John Hagel and John Seely Brown have come out with yet another in their blockbuster best seller series on innovation, that I found quite enlightening. The book (with 3rd author Lang Davison) is titled The Power of Pull: How Small Moves, Smartly Made, Can Set Big Things in Motion. The text is one of this here is how to safe the world and revolutionize your business genre, that I don’t usually find has much value beyond hyperbole. But I liked this book.

The Power of Pull is the capacity for new social and networking technologies to provide the engines by which whole industries, social movements or governments can envision and implement radically different ways of caring out their business or mission. Given the need for change on many fronts (think climate change, end of oil, access to quality postsecondary education etc. etc.) there is certainly opportunity and need for many ‘game-changing’ activities. Pull (as opposed to push products, ideas, or ideologies) is the capacity to find and access people, attract relevant people and resources and pull from ourselves and these aggregations radically improved solutions to existing challenges.  It all sounds very Utopian, right up there with How to Win Friends and Influence People. But the difference between Norman Vincent Peel, and Hagel and Seely is that these guys have the Net and understand its potential to empower change.

The book is full of American stories of success – from surfing kids, to typical Silicon Valley startups, to the War on Terror success stories – most of which I breezed through very quickly. Where the book got interesting and relevant was the 7th chapter where they describe how to “Use Pull of Change the World”. I love world changing strategies, I just haven’t been a very good implementer (yet!), so I thought this chapter was for me!! And to be honest I wasn’t disappointed – but no I have not yet changed the world (even light bulbs can challenge me) but I have some ideas for postsecondary education!
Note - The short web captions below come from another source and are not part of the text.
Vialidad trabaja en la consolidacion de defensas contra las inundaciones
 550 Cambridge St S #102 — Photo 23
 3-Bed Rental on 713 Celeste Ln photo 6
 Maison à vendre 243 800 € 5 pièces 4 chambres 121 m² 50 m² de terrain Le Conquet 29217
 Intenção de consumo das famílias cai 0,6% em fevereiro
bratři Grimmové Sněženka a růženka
Changing the world begins with developing a shaping strategy. A shaping stratgey is  clear and compelling, long-term view of where an industry, service or government, needs to move. It is a strategy beyond the strategic plan of a single company or institution, but rather a direction that others can buy into to create and build a better way of doing things. Examples of a shaping strategy might be Bill Gates notion that what was mainframe technology must and could move to the desk top, or Google’s notion of cloud computing. Now in both these examples Microsoft and Google became immensely powerful and very wealthy players in this strategy, but along with them came hundreds of new start-ups and profitable rivals.

A successful shaping strategy needs a shaping platform. The shaping platform is a set of technologies, ideas and practices that are aggregated to provide access to both innovative, early adopters and mainstream players. These platforms must be open (to new players and their contributions), scalable (we are changing the world here!), of course they need to be easily understood, accessed, provide some wins for early adopters and finally be emergent such that the platform can rapidly morph in response to new opportunities and technologies. Naturally I think of networks as platforms and in educational contexts of ways to generate and sustain content development (like WikiEducator), aggregate tens of thousands of users and providers (Social networks like Facebook, only adapted for learning) and means to turn informal learning accomplishments into formal learning credentials (think Prior learning assessment on steroids, without drug tests that betray authenticity).

After a a shaping strategy and a shaping platform comes shaping actions and assets. Unfortunately the actions sections is the weakest part of the model- heck if it wasn’t everyone would be changing the world! But the authors  do talk about actions that capture the interest and energy of others,  ways to garner the resources from within and outside of an organization to build the platform and ways to insure that competitors don’t eat each other up while reshaping the world (Bill Gates just didn’t get this later action right). Fortunately, they authors provide hypothetical examples of workers at CEO, mid management and Lone Rangers – in different industries and how they could go about creating a shaping strategy, platform and actions.

All and all this book is probably worth the $20.69 Canadian at Amazon (plus shipping) that it costs. It is not quite a step by step recipe book for terra-forming, but it does provide ideas and inspiration from authors who get the potential of networking to radically remake business, social and institutional practice.